*MATERIAL PROVIDED*

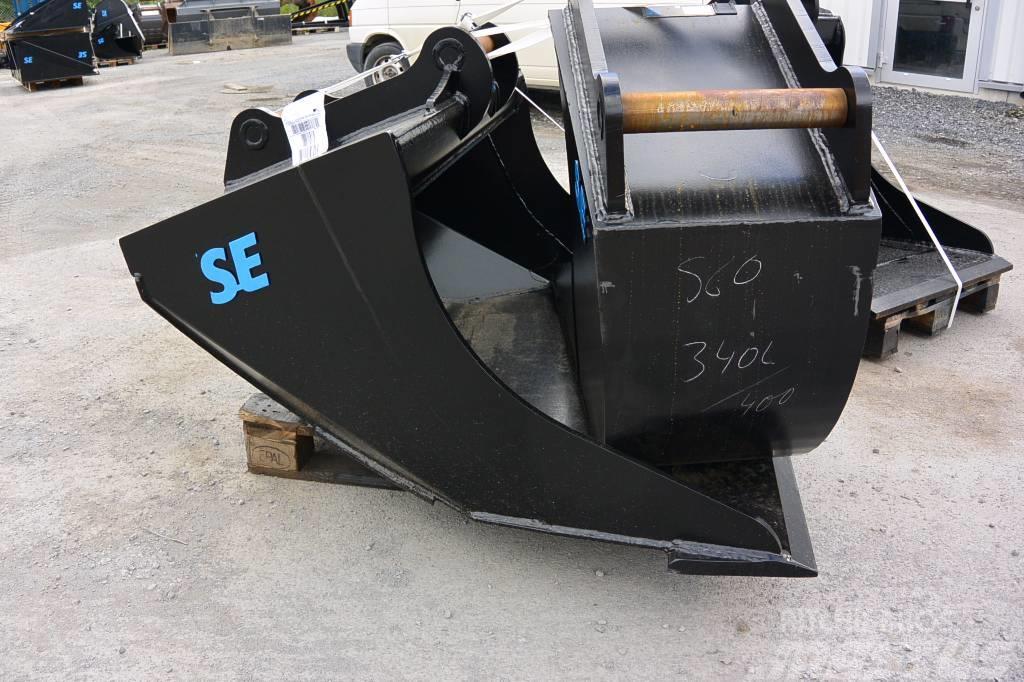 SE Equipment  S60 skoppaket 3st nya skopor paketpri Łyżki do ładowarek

...

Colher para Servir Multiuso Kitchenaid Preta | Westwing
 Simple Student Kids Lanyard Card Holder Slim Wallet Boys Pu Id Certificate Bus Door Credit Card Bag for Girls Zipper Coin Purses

*YOUR INSTRUCTIONS*
Go through the material above and output exactly the lines from the one containing "Colher para Servir" through the one containing "Simple Student Kids".

*EXPECTED ANSWER*
Colher para Servir Multiuso Kitchenaid Preta | Westwing
 Simple Student Kids Lanyard Card Holder Slim Wallet Boys Pu Id Certificate Bus Door Credit Card Bag for Girls Zipper Coin Purses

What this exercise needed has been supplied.